Well the router is upstairs along with a different desktop and downstairs is a laptop. I don't believe that I can get a wire from my living room to my upstairs without the wire running everywhere so what's this wireless card? Will it act like my laptop in terms of recieving an internet connection wirelessly?
Here's a definition I found.
Wireless Ethernet cards are installed like their wired counterparts, but rather than a port for an Ethernet cable, the card features a small antenna. The card communicates with the central wireless switch or hub via radio waves. Wireless LANs may have some restrictions depending on the material the building is made from.
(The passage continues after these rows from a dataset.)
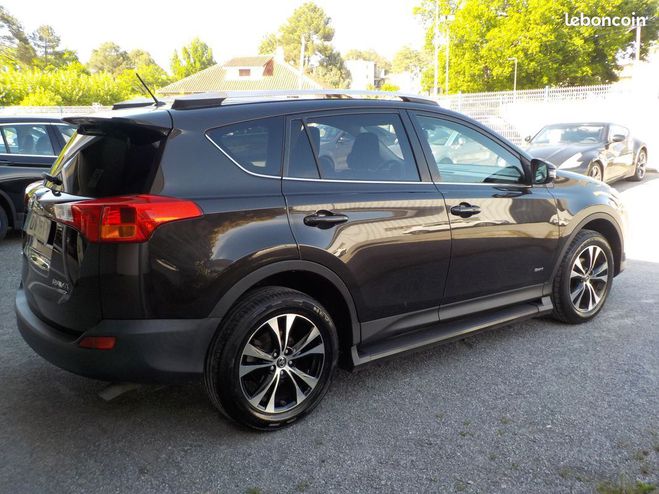 Toyota RAV 4 4 124 d-4d sport edition 4wd Marron de 2015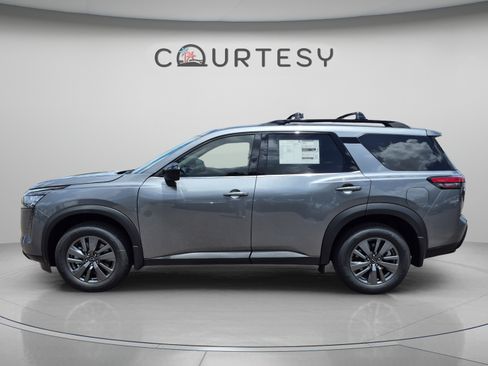 Used 2026 Nissan Pathfinder SV FWD image 2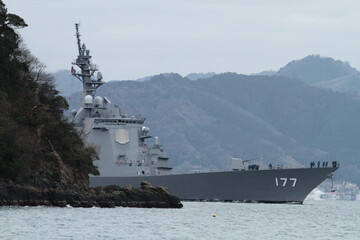 現われた護衛艦あたご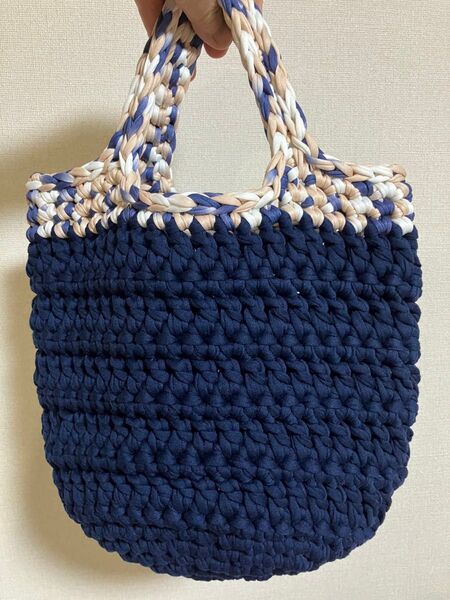 ハンドメイド 手編みバッグ ネイビー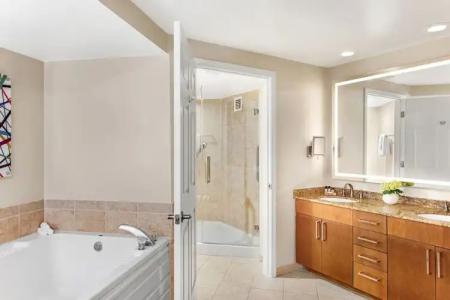 Marriott's Villas At Doral - 26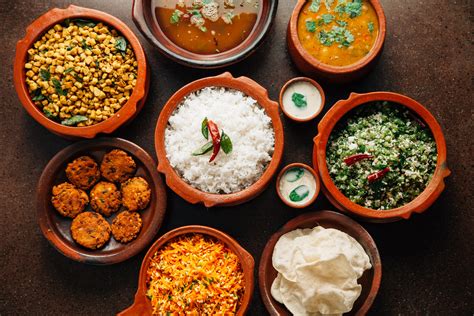 How to Eat Indian Food with Naan: A Culinary Journey Through Flavors and Traditions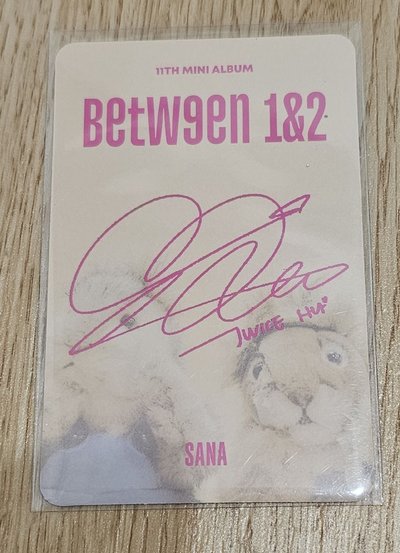 TWICE BETWEEN 1&2 SANA 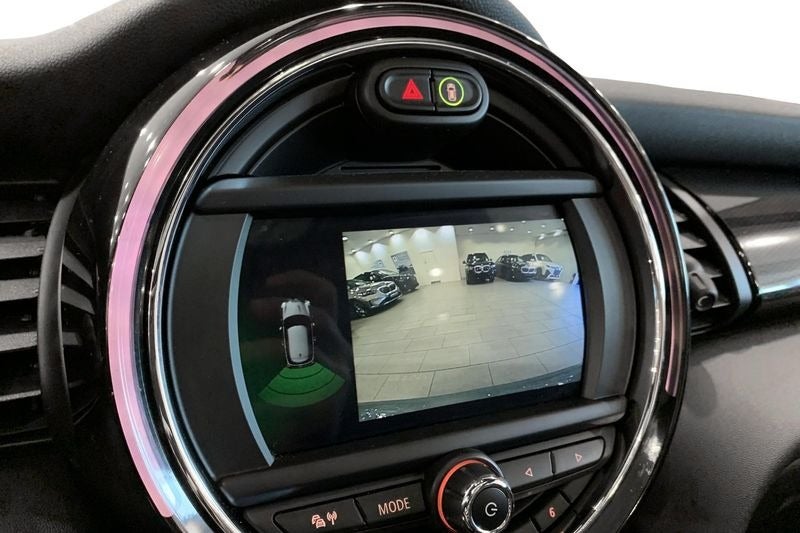 MINI Cooper SE Essential 3d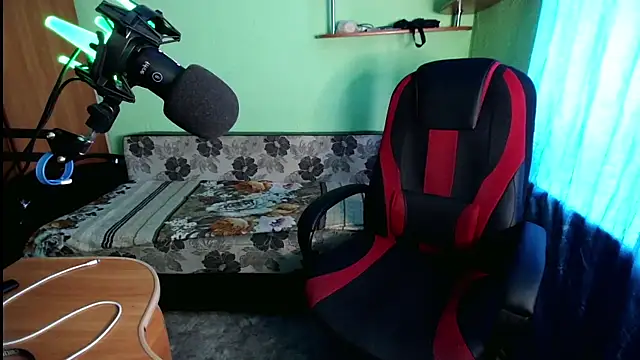 Snapshot of fameboyboo chatting on November 24, 2025, 7:30 am fameboyboo online show from November 24, 2025, 7:30 am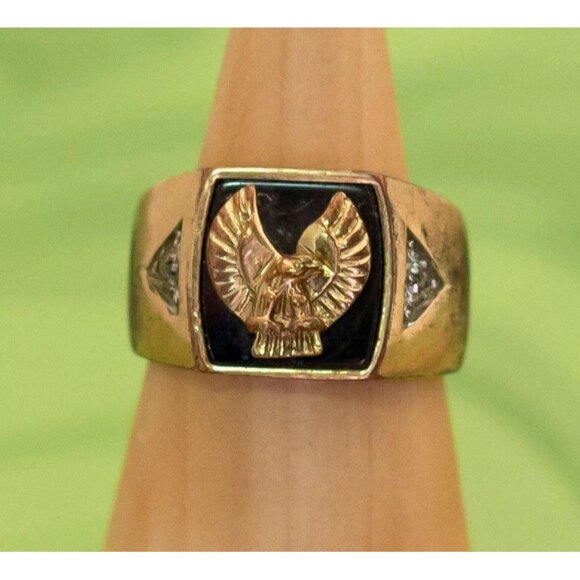 Vintage Eagle Crest Victorian Gold Tone Ring Size 9 1/2 - W6 - Picture 1 of 4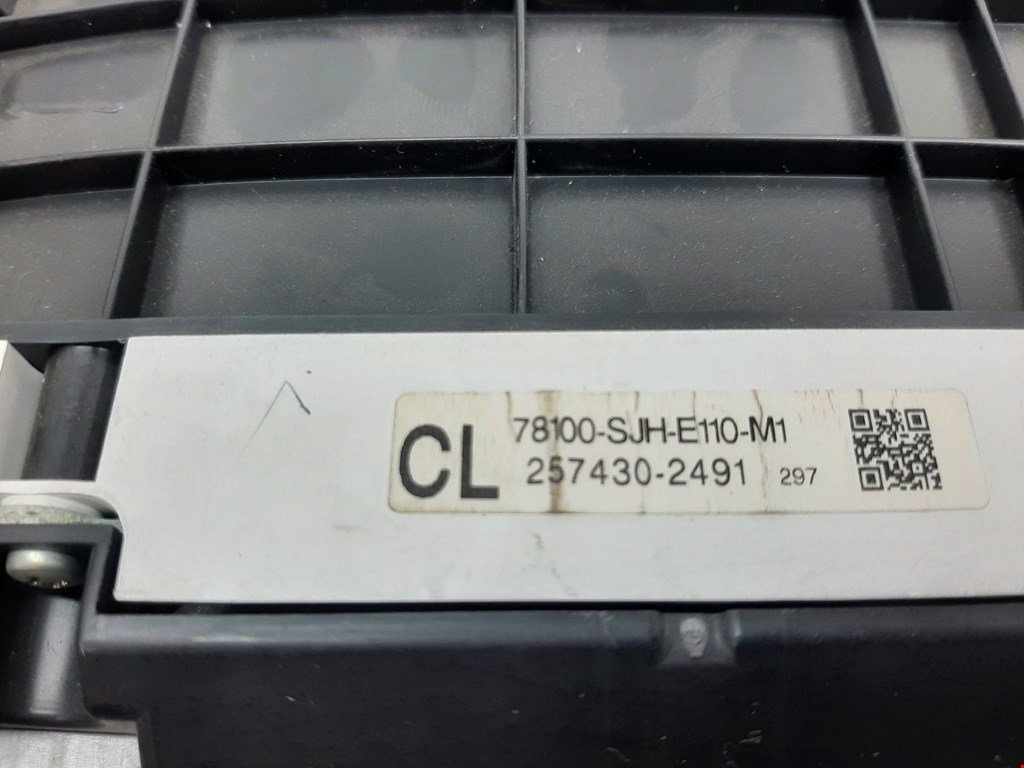 Панель приборов (щиток) HONDA FR-V 2004-2009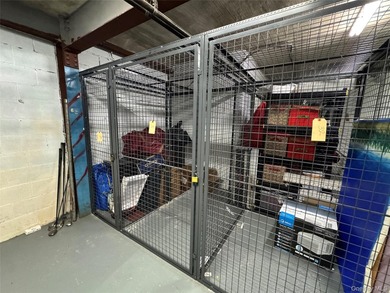 This large, sun-filled 1 bedroom, 1 bath offers a rare - photo 41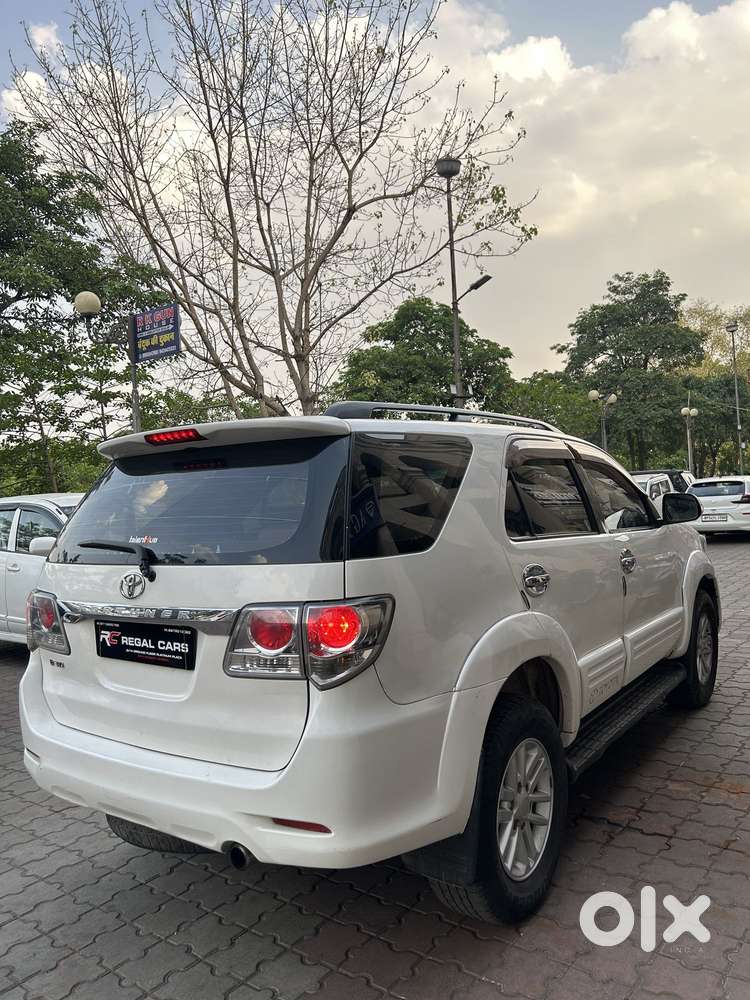 Toyota Fortuner 2011-2016 4x2 Manual, 2015, Diesel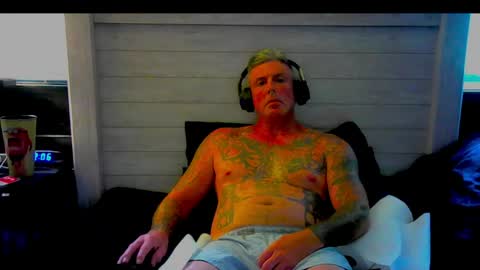 Snapshot of solodolo2020 chatting on April 2026 07:00:02 PM I love watching beautiful women play with themselves online show from April 2026 07:00:02 PM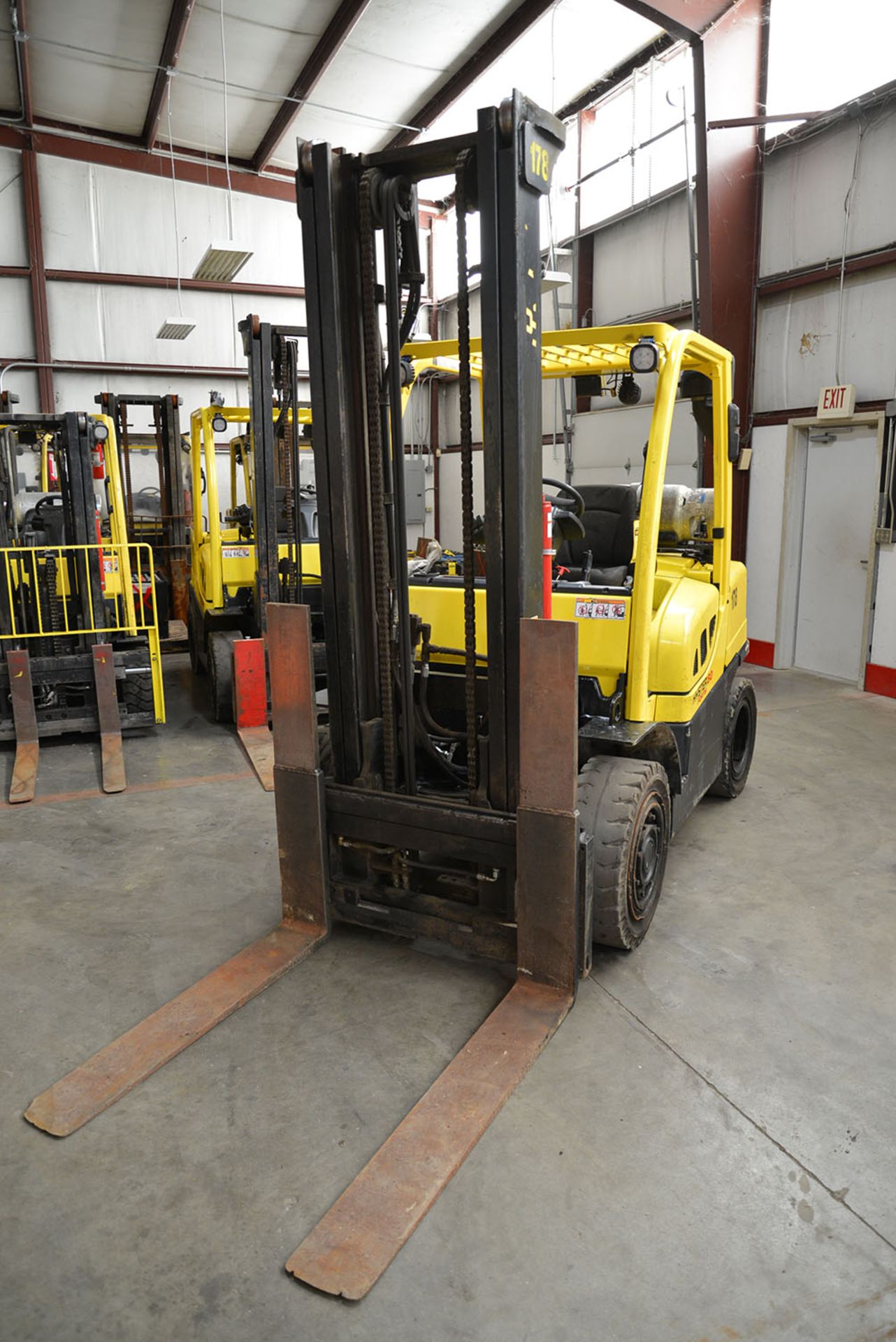 2011 HYSTER 8,000-lb. Capacity Forklift, Model H80FT, S/N P005V04417J, LPG, Monotrol, Pneumatic - Image 2 of 8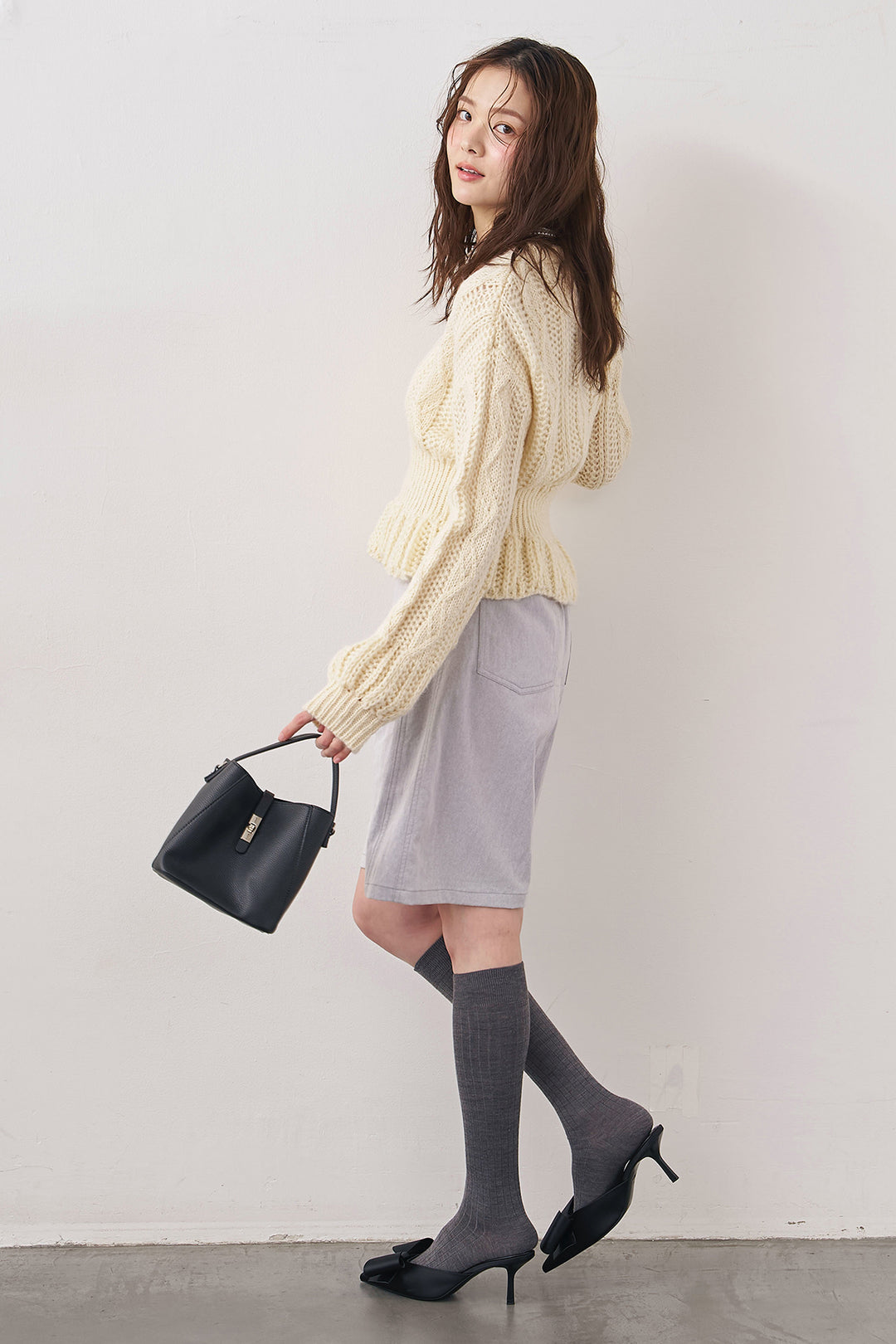 [予約/SET]ケーブル編ミニペプラムニット+デニムベーシックハーフパンツ(2set)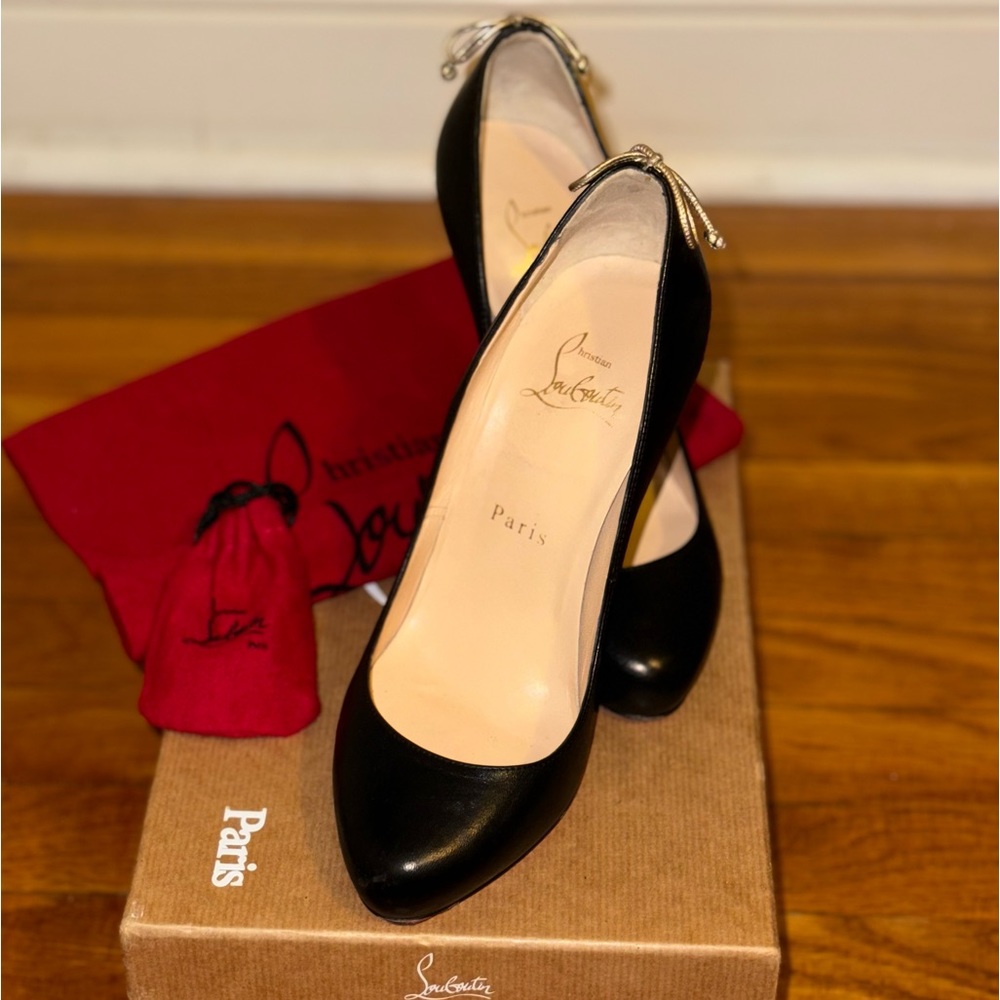 Christian Louboutin Very Gama Black Pumps size 36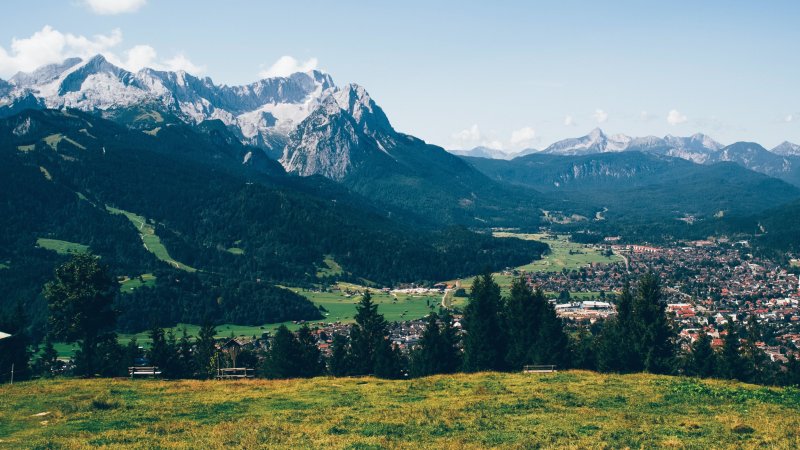 Zwischen Himmel und Hölle: Der Abfahrts-Klassiker im Sommer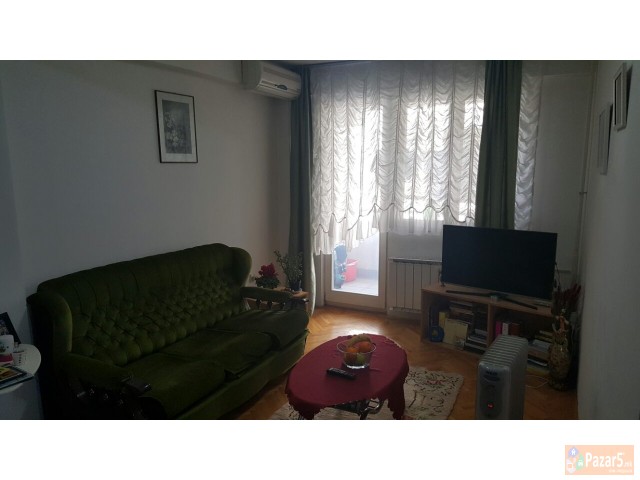 Izdavam Stan Na Stara Rampa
For example, lead in walls can block signals between the network interface card and hub or switch.
With a wireless ethernet card (NIC), you'll be able to connect to the other computers in your household (providing you have a router) and internet (providing you have a router that supports wireless connection) without using ethernet cable. However, there are some routers that aren't very good for wireless connection as their signal does not travel far enough.
Well the total with a 1 year replacement on everything comes to $1083.79. The link is below. And I am surprised at myself for actually making a decent build for gaming, thanks.
If that $1083.79 includes the XFX 8800GT that you have listed above, you still have some money left to upgrade to a better video card, however if you can wait two more weeks, the prices may
drop down a little bit because of the new graphics card that will be released. If you cannot wait, get the 8800GTS 512MB as it costs about $50 or more than the 8800GT.
Go with either of these cards based on what price you want to pay. EVGA
costs $244.99 with a $30 Mail-In-Rebate, however this XFX
costs $229.99 without a rebate.
There's two better cards than the 8800GTS 512MB right now however the prices are too high for little fps gain that you'll get in Crysis. There's 9800GTX
that costs ~$300 and the 9800GX2
that costs ~$500.
I am under the impression that Ultimate is the best for gaming, or does it even matter that much because Home Premium really does seem to be pretty good itself.
I believe it doesn't matter which version you get as the only difference you'll notice between Utimate and Home premium are back-up, data protection, remote access to your applications and resources, and fax and scans. I would say that it might affect your gaming if you have 64-bit than 32-bit. Don't quote me on this though as I am still using XP Pro.